Sam Little (born 31 August 1975) is an English professional golfer and sports agent. He won five times on the Challenge Tour.

Early and personal life
Little was born in London, England, and is Jewish and has been a member of Hendon Reform Synagogue.

Career
Little turned professional in 1997, and joined the Challenge Tour in 1999, where he recorded his first win in 2001. In 2004 he won for the second time at that level, and graduated to the European Tour at the end of the season via qualifying school.
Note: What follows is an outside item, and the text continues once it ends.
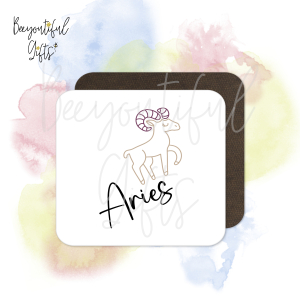 Zodiac Line Art Themed Wooden Coaster - Aries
He became renowned for last-gasp performances to maintain his Tour playing rights, ending narrowly inside the top 115 qualifiers in 2005, 2008 and 2009, and finishing runner-up in the final tournament of 2007 to move up to 76th in the Order of Merit from outside the top 170. This remains his best season-end finish.

After the 2010 season Little lost his playing rights on the European Tour, having finished 182nd, and returned to the Challenge Tour.

In 2011, Little won three events from mid-September to mid-October, the M2M Russian Challenge Cup, the Allianz Golf Open Grand Toulouse, and the Roma Golf Open, to regain his European Tour card for the remainder of 2011 and 2012.

Little served on the Maccabi GB Golf Management Team for the 2013 Maccabiah Games. 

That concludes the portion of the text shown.